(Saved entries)
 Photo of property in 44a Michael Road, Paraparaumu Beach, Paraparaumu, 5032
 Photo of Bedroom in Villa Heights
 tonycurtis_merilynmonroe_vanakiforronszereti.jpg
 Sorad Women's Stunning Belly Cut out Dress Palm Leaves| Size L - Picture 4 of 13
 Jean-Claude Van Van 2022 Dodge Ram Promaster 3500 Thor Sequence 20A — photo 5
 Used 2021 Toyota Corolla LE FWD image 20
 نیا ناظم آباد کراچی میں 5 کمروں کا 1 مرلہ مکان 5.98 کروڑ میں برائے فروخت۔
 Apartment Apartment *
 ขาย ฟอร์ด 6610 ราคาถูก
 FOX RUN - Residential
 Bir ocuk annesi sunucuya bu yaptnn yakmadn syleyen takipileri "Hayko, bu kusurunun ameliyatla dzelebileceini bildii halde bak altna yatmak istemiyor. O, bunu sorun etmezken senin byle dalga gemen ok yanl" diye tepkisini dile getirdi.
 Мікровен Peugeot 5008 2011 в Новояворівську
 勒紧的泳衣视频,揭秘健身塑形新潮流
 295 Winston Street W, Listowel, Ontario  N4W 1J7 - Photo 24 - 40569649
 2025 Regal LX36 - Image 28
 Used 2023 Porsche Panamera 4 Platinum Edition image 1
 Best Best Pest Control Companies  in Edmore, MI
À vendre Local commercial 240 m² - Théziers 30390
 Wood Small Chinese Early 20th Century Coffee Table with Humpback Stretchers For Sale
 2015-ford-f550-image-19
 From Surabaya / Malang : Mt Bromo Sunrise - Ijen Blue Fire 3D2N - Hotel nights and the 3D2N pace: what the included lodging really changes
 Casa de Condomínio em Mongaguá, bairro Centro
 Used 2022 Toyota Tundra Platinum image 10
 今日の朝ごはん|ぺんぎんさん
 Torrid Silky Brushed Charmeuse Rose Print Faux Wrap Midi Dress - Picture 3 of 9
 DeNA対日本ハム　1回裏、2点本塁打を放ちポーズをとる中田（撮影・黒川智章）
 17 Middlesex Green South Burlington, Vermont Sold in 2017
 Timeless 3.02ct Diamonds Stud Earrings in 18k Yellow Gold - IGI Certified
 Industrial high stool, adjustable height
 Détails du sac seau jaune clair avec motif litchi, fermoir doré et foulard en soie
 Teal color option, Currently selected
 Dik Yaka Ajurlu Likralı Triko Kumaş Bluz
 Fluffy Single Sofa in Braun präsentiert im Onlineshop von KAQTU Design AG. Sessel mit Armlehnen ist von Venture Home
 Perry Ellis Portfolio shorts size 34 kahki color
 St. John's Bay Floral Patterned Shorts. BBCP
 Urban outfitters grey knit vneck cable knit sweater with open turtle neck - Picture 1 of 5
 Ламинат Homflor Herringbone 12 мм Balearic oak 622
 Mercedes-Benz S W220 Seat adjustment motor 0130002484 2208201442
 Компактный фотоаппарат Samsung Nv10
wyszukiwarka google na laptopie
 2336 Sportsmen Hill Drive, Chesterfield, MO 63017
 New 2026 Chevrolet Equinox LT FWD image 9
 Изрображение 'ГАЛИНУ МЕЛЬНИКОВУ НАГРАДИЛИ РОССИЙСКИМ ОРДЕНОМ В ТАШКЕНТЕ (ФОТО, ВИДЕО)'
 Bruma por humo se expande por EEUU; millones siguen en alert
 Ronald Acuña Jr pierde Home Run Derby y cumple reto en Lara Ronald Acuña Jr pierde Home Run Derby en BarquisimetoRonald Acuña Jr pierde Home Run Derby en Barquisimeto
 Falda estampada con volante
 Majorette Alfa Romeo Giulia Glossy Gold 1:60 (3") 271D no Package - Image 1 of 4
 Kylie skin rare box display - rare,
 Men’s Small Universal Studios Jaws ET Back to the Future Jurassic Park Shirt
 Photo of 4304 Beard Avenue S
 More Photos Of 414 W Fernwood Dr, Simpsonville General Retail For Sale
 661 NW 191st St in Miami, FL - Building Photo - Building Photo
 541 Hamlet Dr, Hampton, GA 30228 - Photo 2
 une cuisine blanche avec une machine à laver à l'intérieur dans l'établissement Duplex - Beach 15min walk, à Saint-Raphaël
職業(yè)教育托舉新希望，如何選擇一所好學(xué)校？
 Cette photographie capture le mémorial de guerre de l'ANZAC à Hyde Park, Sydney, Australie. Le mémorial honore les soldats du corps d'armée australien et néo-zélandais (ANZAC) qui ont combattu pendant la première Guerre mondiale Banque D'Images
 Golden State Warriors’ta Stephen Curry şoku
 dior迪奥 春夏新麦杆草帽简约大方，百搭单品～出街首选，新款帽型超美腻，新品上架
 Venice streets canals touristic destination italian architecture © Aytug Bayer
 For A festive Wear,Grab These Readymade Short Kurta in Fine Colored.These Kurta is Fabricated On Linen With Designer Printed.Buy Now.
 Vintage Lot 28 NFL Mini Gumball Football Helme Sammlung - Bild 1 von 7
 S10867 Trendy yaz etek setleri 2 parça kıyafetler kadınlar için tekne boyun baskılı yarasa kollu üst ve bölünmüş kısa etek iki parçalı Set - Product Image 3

• Task brief:
Using the data above, count the lines that hold the string "Beach". Report the number and nothing else.

• Written reply:
2